Somewhere in northeast Baltimore, where four roads and a forest meet, there is a sprawling wood-shingled house that is nearly impossible to find. Because of a mapping error, it has two addresses. Like a kind of Bermuda Triangle, neither address leads to the house. For years it was inhabited by a city groundskeeper. Then, for two decades, it lay vacant. Since 2011, it has been occupied by an idiosyncratic artist named Brian Dowdall, his partner, Alison Spiesman, who is also an artist, and some 5,000 pieces of what is known, variably, as “outsider,” “visionary” or “self-taught” art — art that is outside of the mainstream.
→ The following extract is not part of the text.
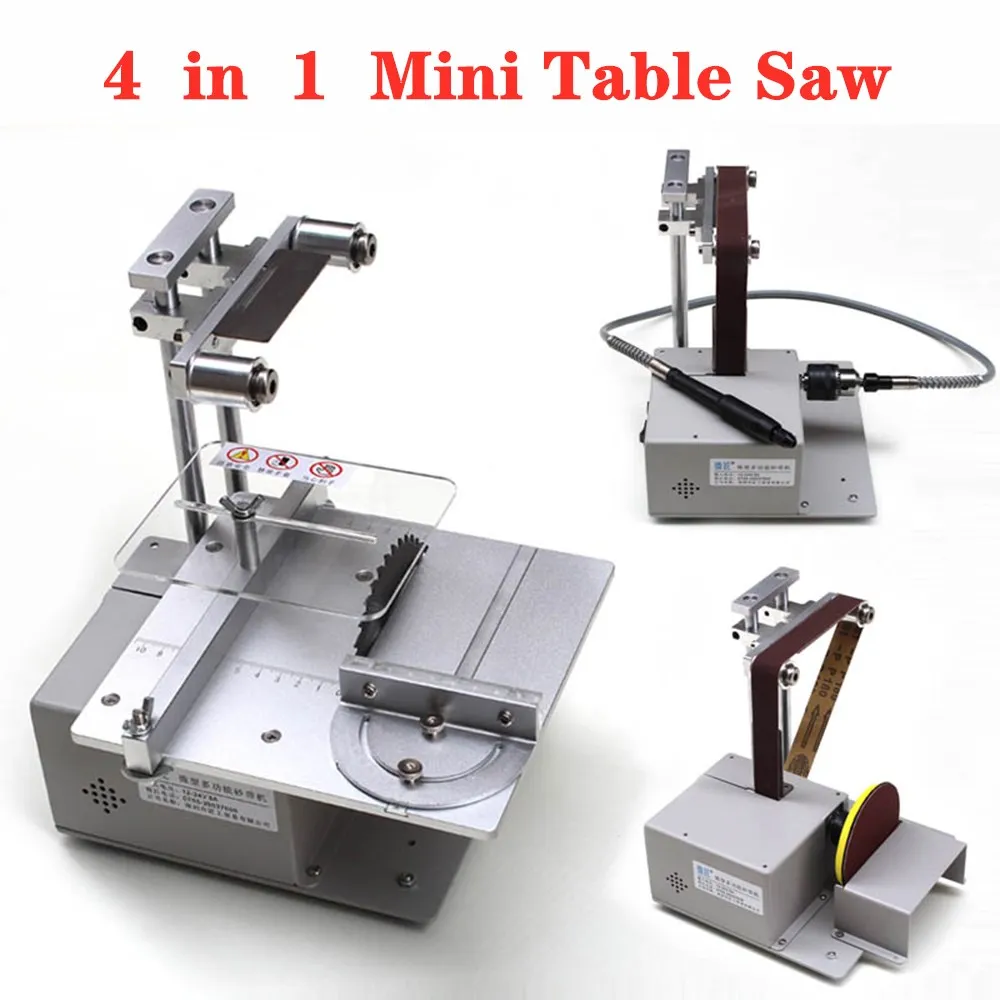 Lixadeira Elétrica Mini Ponceuse Multi-função Máquina de Corte Serra de Mesa Faça Você Mesmo Carpintaria Desktop Lixar Máquina de Moer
Call Dowdall on the phone and this message will greet you: “You’ve reached visionary! Please leave a message,” along with what sounds like the vibrations of a sitar. Meet him in person and the first thing you will notice is his hair: thick, curly, white and long. On most days, it is covered by a baseball cap printed with a single eye, the logo of Baltimore’s American Visionary Art Museum, or AVAM, where Dowdall’s work is on display.
Enter Dowdall’s house and you will notice that it is far more museum than residence, so chock-a-block with art — starting in the kitchen and extending to the bedroom — that it almost swallows Dowdall whole. Dowdall, despite being 69, is very spry, and also very short. He and Spiesman call the house their own “Howl’s Moving Castle,” like the magical flying castle in the 2004 anime film of the same name.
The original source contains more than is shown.